テクノ・ライブラリ


Techno Library

シールド工法―更なる長距離化・大深度化へ
地下鉄,下水道,共同溝,地下河川――。
都市の地下はますます輻輳化している。過密した都市では,用地確保の問題や交通渋滞などの面から,開削工法が難しい場合が多い。開削することなくトンネルを構築するシールド工法の発展とともに,日本の地下は切り拓かれたといえるだろう。
今月のテクノ・ライブラリは進化しつづけるシールド工法を紹介しよう。

シールド工法の歴史
 シールド工法とは,トンネルの先端にシールドと呼ばれる茶筒の様な鋼鉄製の外筒を設けて,崩壊しようとする土を押さえつつ掘削を行い,内部でゼグメントと呼ばれるブロックをリング状に組み立てていく工法である。
1843年,イギリス人技術者・ブルネルがロンドンのテムズ河を横断するトンネルを,この方法で構築したのが始まりである。1890年代になるとアメリカやドイツ,フランス等でもシールド工法が多く採用されるようになる。日本ではこれら欧米の技術を習得しながら1940年頃から地下鉄・下水道の建設に使用されはじめ,60年代後半に密閉型工法が開発されると,その技術は飛躍的発展を見せる。密閉型シールド工法の実用化により,切羽の安定や地盤沈下など周辺環境への影響が少なくなり,シールド工法は地下鉄,下水道,電力,通信,道路,地下河川など都市における施工条件の厳しい工事の主力となっていく。
 シールド工法は日本の地盤の複雑さから泥水式,土圧式,泥土圧式など様々な掘削方法が開発された。セグメントの搬送,組立てなどにおいて機械化・自動化が進むとともにシールドトンネルは大断面時代を迎える。当社では,直径14m級の大断面シールドを世界に先駆けて神田川地下調節池で実現し,以来,東京湾アクアライン等多くの大断面シールドの実績を積み重ねている。また,地下の過密化に伴い,大深度化も進み,海面下70mという高水圧下の大深度トンネルも施工している。

外郭放水路第4工区
外郭放水路第4工区
従来のシールドトンネルに見られるようなボルトボックスの穴はなく,平滑な内面である

大阪ビジネスパーク停留場 大阪ビジネスパーク停留場
大阪ビジネスパーク停留場
幅17m,高さ7.5mの3連シールド機で,2本の軌道部と島式プラットホームを一気に構築した

最小の断面で効率的に掘る
 近年は用地の制約やコスト低減などの理由から,用途に合った形状で合理的にトンネルを掘ることが求められている。当社では,大阪ビジネスパーク駅工事において世界で初めて三連シールド工法を実用化した。他にも縦二連シールドや特殊形状,異口径トンネルを連続して掘進できる親子シールド工法など多くの技術開発を行っている。
 そして,1998年,画期的な技術が誕生した。
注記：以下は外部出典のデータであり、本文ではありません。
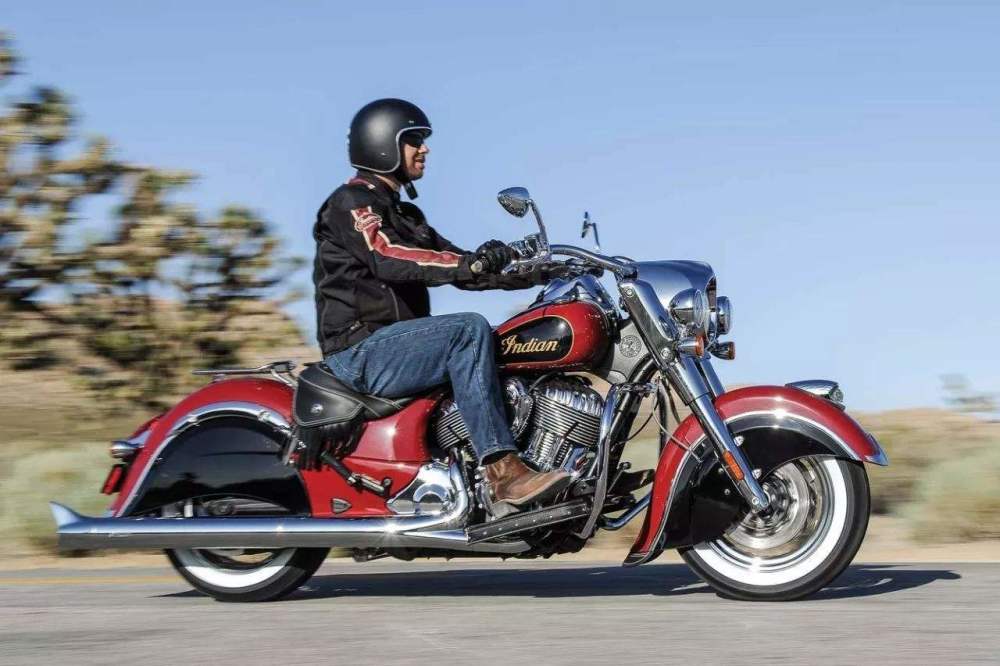 四十岁中年大叔该买什么车?不惑之年,车子尽量有范!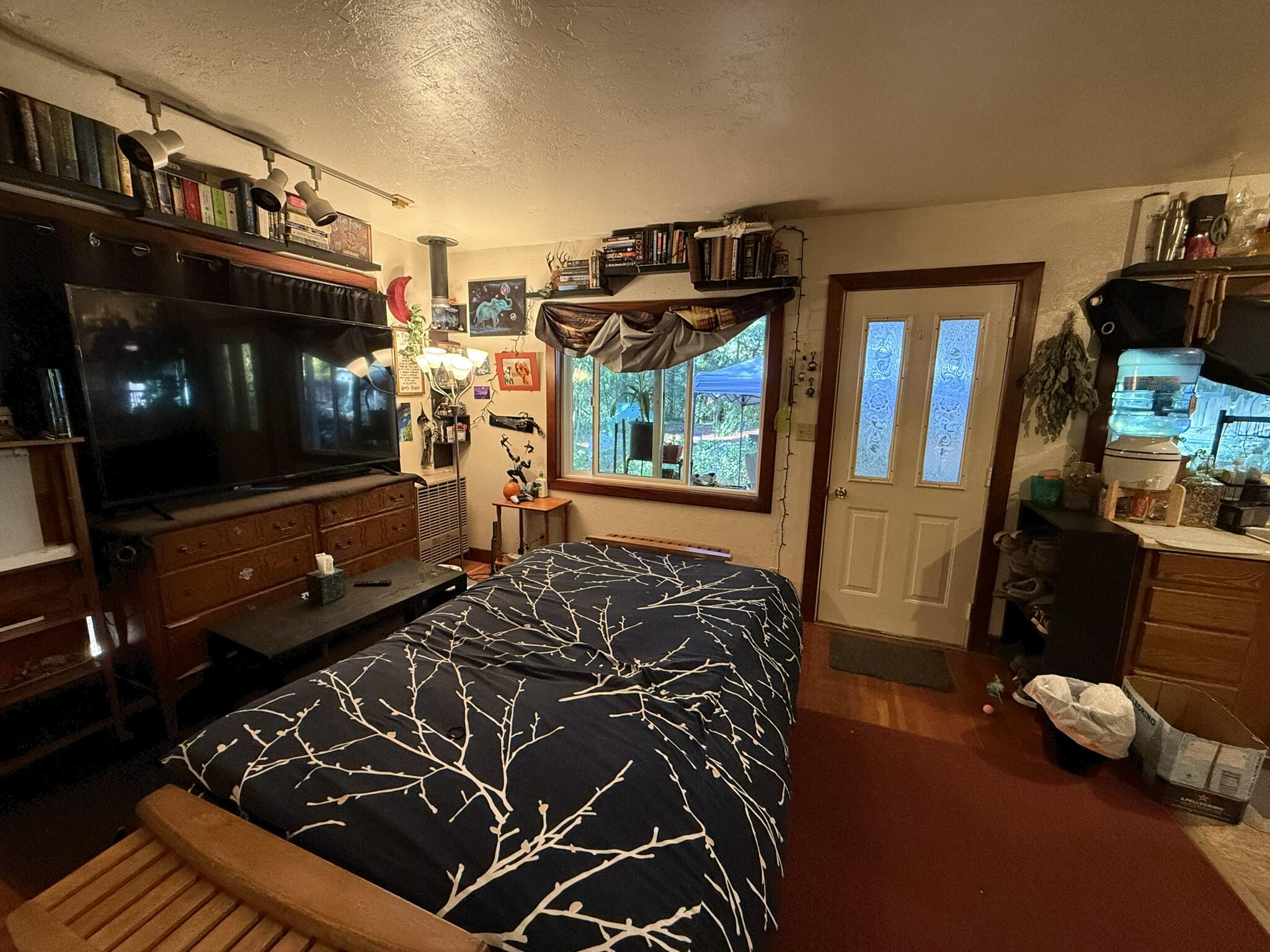 75 River Road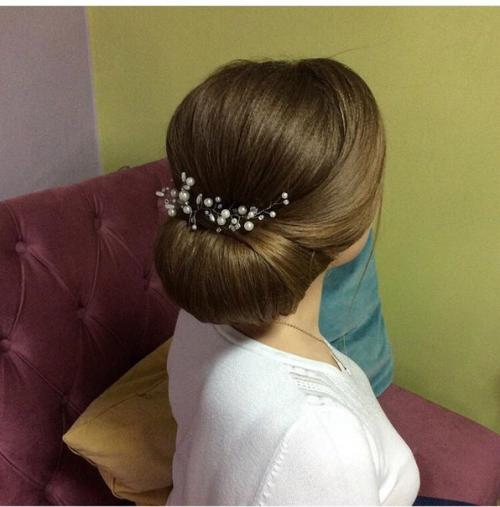 Ищу модель для отработки макияжа и причёски, желательно блондинку/русую волосы ниже Лопаток, до 25 лет. 01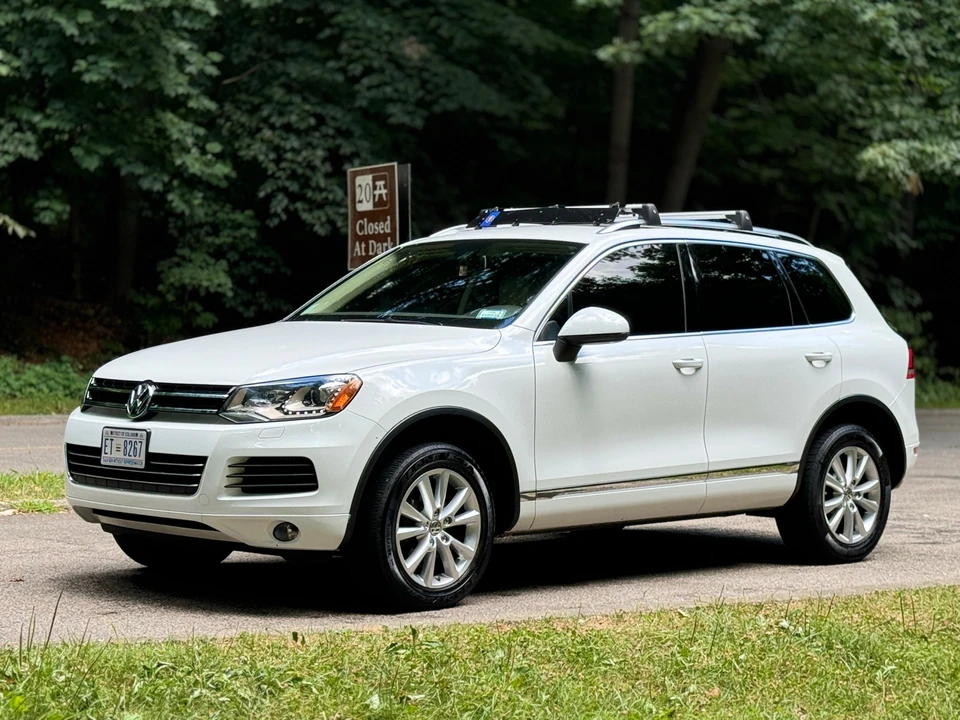 2014 Volkswagen Touareg - Image 8 of 31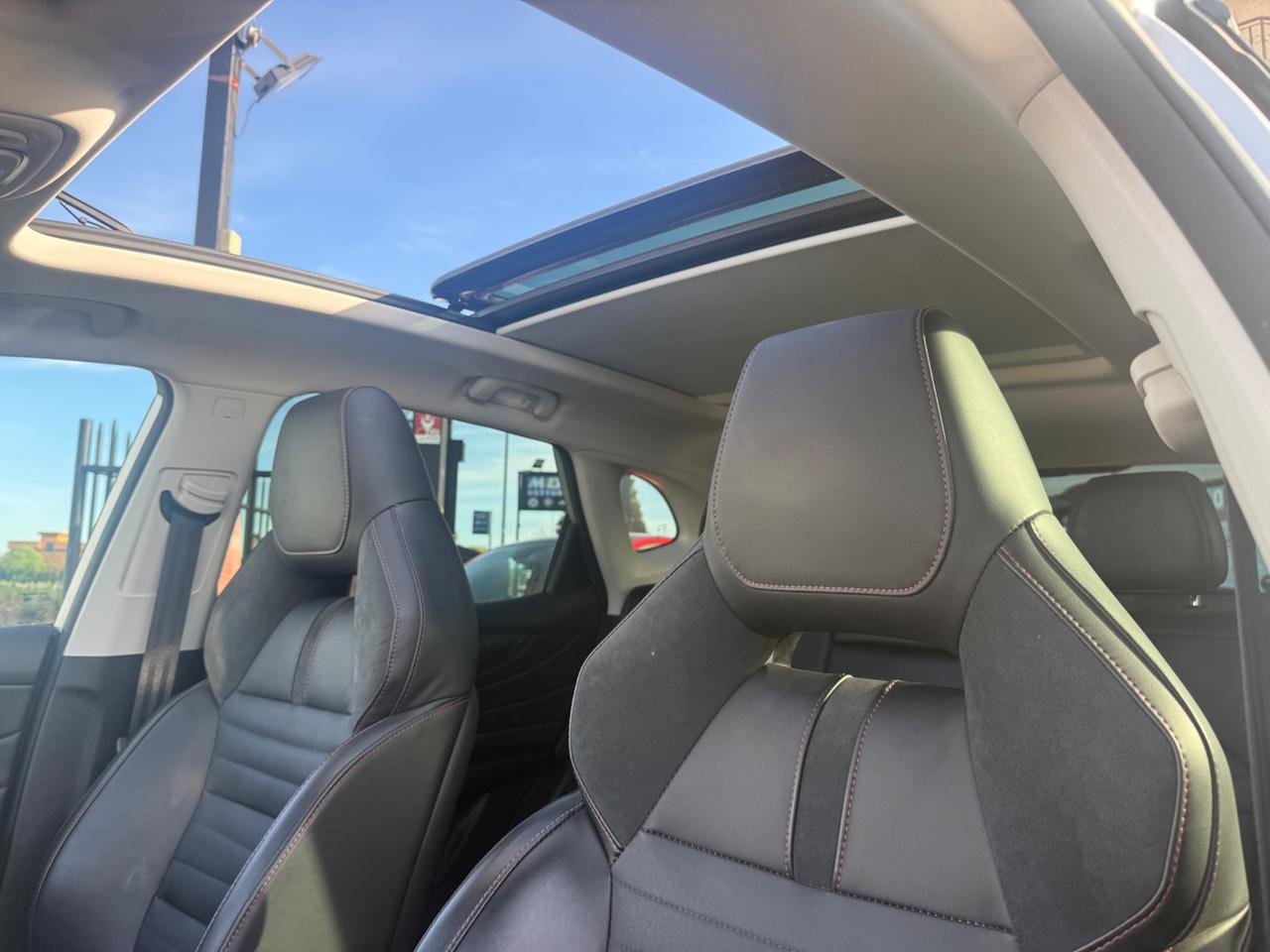 MG HS 1.5 t Luxury Automatica Tetto km: 30.261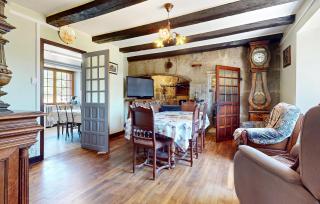 Pet Friendly Home In Sarroux - Saint Julien - 5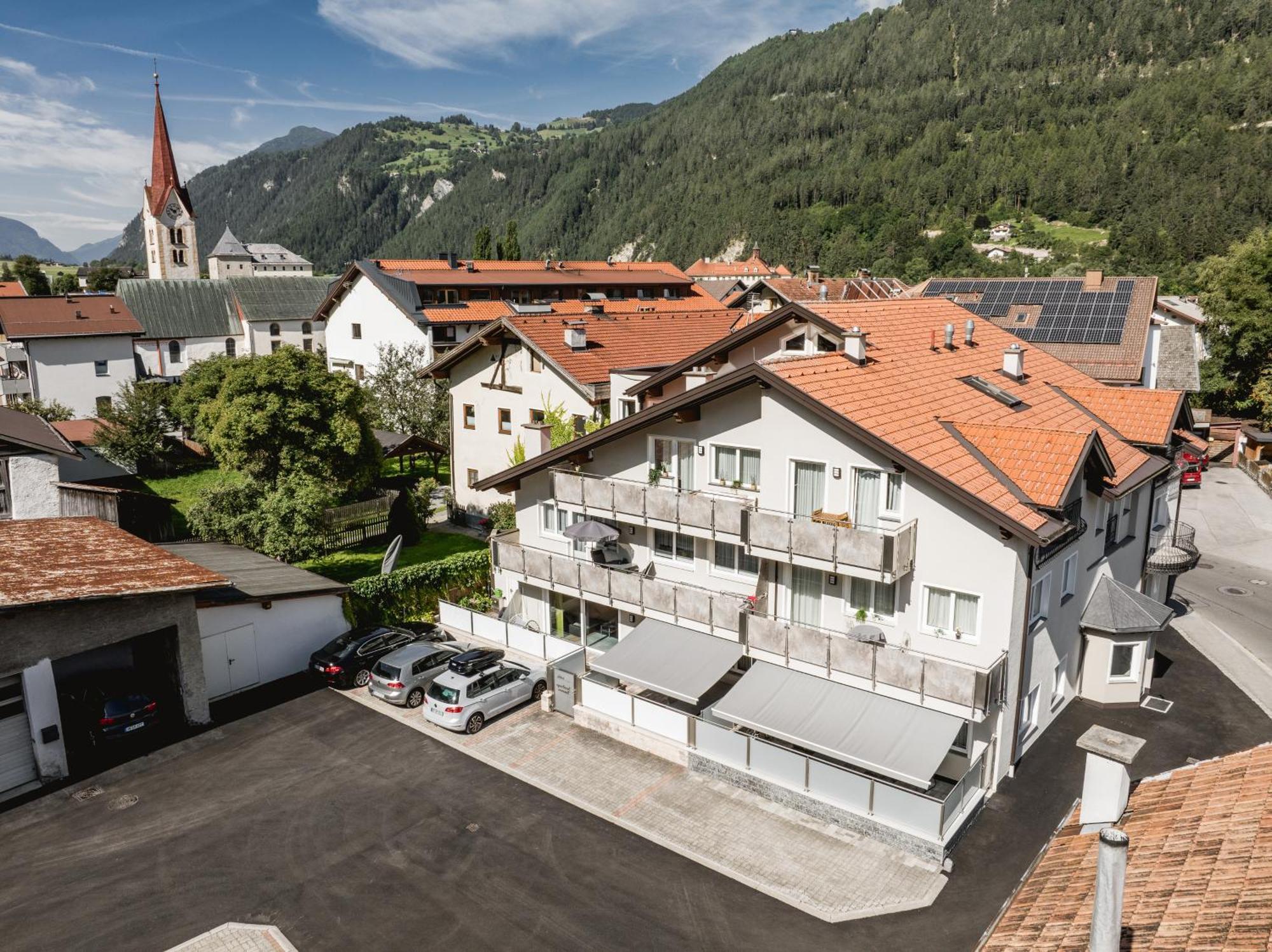 Alpenapartments Ried im Oberinntal Exterior foto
ワギング・カッター・シールド工法である。従来はカッターディスクを多数のモータを用いて360度回転させていたが,ワギング・カッター・シールド工法は少数の油圧ジャッキでカッターディスクをワイパーの様に揺動させる。モータに比べ安価な油圧ジャッキを用いることによりマシンコストを低減できるほか,マシンの長さを短くでき,また,矩形,円形,複円形など様々な形状のトンネルに対応できる。機長が短いため,急曲線部の施工にも適している。博多市のきらめき通り地下通路工事で世界で初めて実用化し,京都市地下鉄・六地蔵北工区では,今年2月,同工法による世界初の複線矩形断面シールドトンネルの掘進を開始した。

ワギング・カッター・シールドマシン
京都市地下鉄・六地蔵北工区のワギング・カッター・シールドマシン
ワギング・カッター・シールドマシン リレービット取付部
  リレービット取付部

リレービット工法 模式図
カッターディスクの回転軸であるスポーク内に作業スペースを設けておき,シールド機の内側から,何度でも簡単にビットを交換することができる

更なる長距離・高速施工を目指して
 断面の最適化・多様化に並んで,近年ますます求められているのが,長距離施工である。しかし,掘進につれカッタービットが摩耗するため,従来,平均掘進距離は約2,000m程度にとどまっていた。そこで当社は補助工法なしでカッタービットをシールド機内から簡単に交換することができる「リレービット工法」を開発した。この工法はいつでも何度でも簡単にビットが交換できるため,掘進中,地盤の種類が変化した場合にも,地盤に応じたビットに交換して掘進することが可能だ。現在施工中の春日井共同溝(愛知県春日井市)ではこのリレービット工法を用いて,約6.8kmという世界最長規模の掘進距離に挑戦している。今後は10kmを超えるシールドトンネルも夢ではない。
 また,シールド工事の大規模化に比例して,工期が増長しないよう高速施工の技術も進歩している。高速施工を目指すためには,いかに早くセグメントを組み立てるかが非常に重要となる。当社では,ボルトボックスを排除した内面平滑型のセグメントを開発している。ボルト接合ではなくピンによる継ぎ手構造のため,ボルト締結及びボルトボックス充項作業が不要となり,作業時間と作業人員を大幅に削減することができる。トンネル内面に露出する金物がないため,二次覆工処理を省略することができ,省力化,高速施工が実現した。特に,現在施行中の外郭放水路第4工区(埼玉県春日部市)では,従来のRCセグメントより厚さを薄くできるDRCセグメントを採用している。将来は直径18m級の超大断面トンネルの構築にも期待が寄せられている。

DRCセグメント DRCセグメント
DRCセグメント ダクタイルと鉄筋コンクリートの合成セグメント

次世代地下空間の創造に向けて
 大深度地下法の施行により,地下構造物はますます地下深くなることが予想される。当社は,掘削土砂を空気圧で地上へ搬送する「カプセル式土砂搬出システム」を開発,実用化している。深さ1,000mクラスの地下構造物の構築にも対応可能である。また,これまでの当社のシールド技術の集大成として,高速道路の分岐・合流部を一度に構築できる「オクトパス工法」を開発した。1台のシールドマシンでトンネルの分岐・合流部を自由に構築できる工法である。
 より快適で機能的な地下空間を創造するために,当社は様々なシールド技術を開発してきた。今後も豊富な実績と総合力を基に,次世代地下空間の創造に貢献してゆく。